Newegg has some rb-51 II's.


----------



## Todd Anderson (Jul 24, 2009)

JBrax said:


> I'm going to see how 5.2.4 sounds and might just stick with that. So you think mounting up high next to the ceiling would not be as good as directly overhead? I'm not sure she's going to sign off on black boxes hanging from the ceiling? Thanks for the link I'll take a look here in a bit.


Hey Jeff - last fall I wrote a piece detailing THX's lab recommendations for Atmos. The gist is:

1) 7.1 sound is better than 5.1.2 sound. Rear channels are very important for the best Atmos experience.

2) Mounting presence channels should be done on the ceiling. Best locations are two channels over the primary seating position and two channels mid way between the seating position and the front screen. You don't want those front channels so far away that they become lost. 

They said that mounting two channels on the ceiling behind the seating position was the least optimal because sound from those channels was lost in the sound generated by side and rear channels.
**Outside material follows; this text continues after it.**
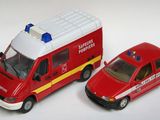 deux camions de pompiers miniatures placés l'un à côté de l'autre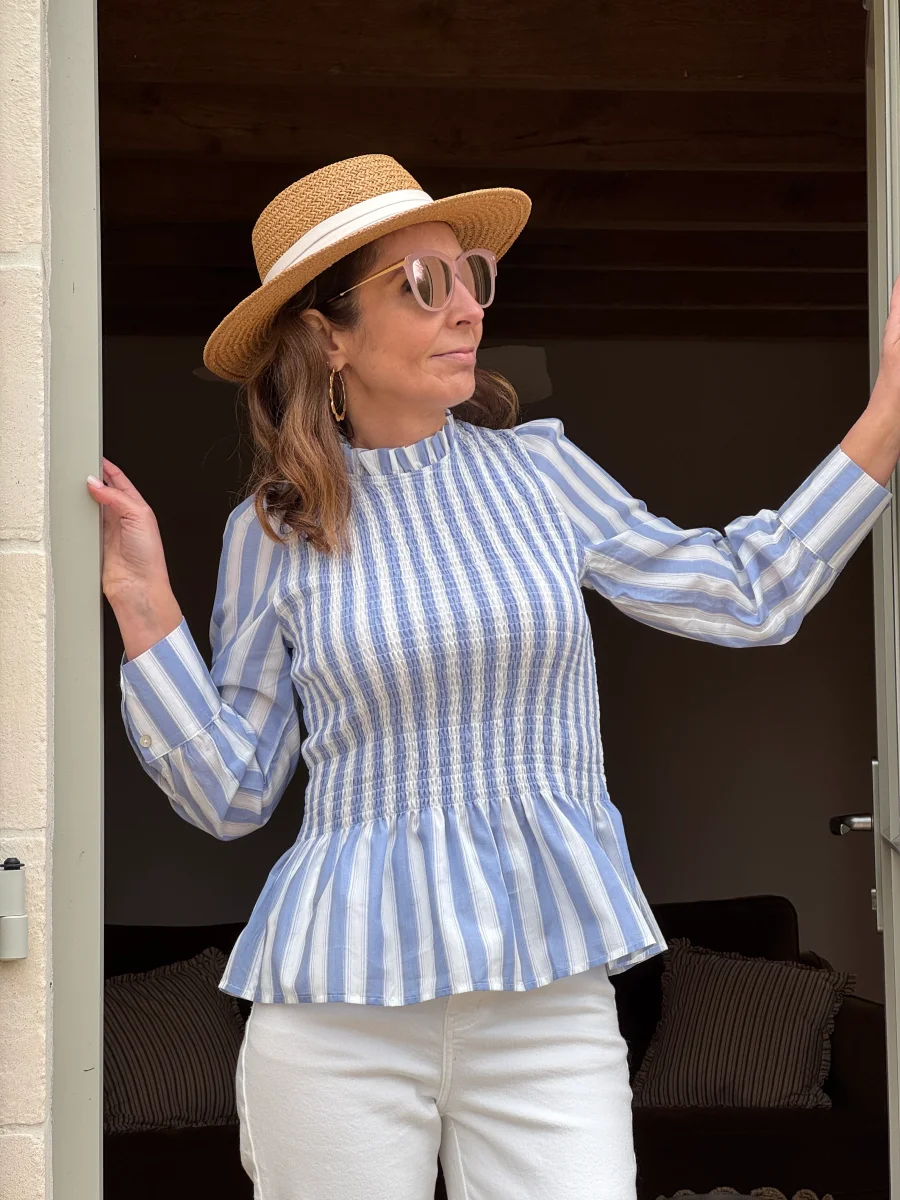 Top manche longue cintré avec volant rayures blanche et ciel MILOE – Image 4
3) Angle sound straight down.


I followed their guidelines... 7 main channels and 4 presence (two over seating and two front). Crossover at 90hz for presence channels. But ended up finding the sound was best with the tweeters on my ceiling channels aimed at the primary listening position. Results are excellent.

I'd resist the urge to mount on the walls. Although, if you do, make it temporary and checkout the Auro 3D guidelines. Perhaps you could coax some kind of hybrid system.


----------



## JBrax (Oct 13, 2011)

Todd Anderson said:


> Hey Jeff - last fall I wrote a piece detailing THX's lab recommendations for Atmos. The gist is: 1) 7.1 sound is better than 5.1.2 sound. Rear channels are very important for the best Atmos experience. 2) Mounting presence channels should be done on the ceiling. Best locations are two channels over the primary seating position and two channels mid way between the seating position and the front screen. You don't want those front channels so far away that they become lost. They said that mounting two channels on the ceiling behind the seating position was the least optimal because sound from those channels was lost in the sound generated by side and rear channels. 3) Angle sound straight down. I followed their guidelines... 7 main channels and 4 presence (two over seating and two front). Crossover at 90hz for presence channels. But ended up finding the sound was best with the tweeters on my ceiling channels aimed at the primary listening position. Results are excellent. I'd resist the urge to mount on the walls. Although, if you do, make it temporary and checkout the Auro 3D guidelines. Perhaps you could coax some kind of hybrid system.


 Hey Todd! Thanks for the info as well as recommendations. After further research I've since given up the idea of mounting high on the walls. Somehow the wife has approved of black boxes hanging from the ceiling. As far as the rear speakers now you're giving me pause on my overall plan. Maybe I should just have those 2 rears wired?


----------



## NBPk402 (Feb 21, 2012)

JBrax said:


> I'm going to see how 5.2.4 sounds and might just stick with that. So you think mounting up high next to the ceiling would not be as good as directly overhead? I'm not sure she's going to sign off on black boxes hanging from the ceiling? Thanks for the link I'll take a look here in a bit.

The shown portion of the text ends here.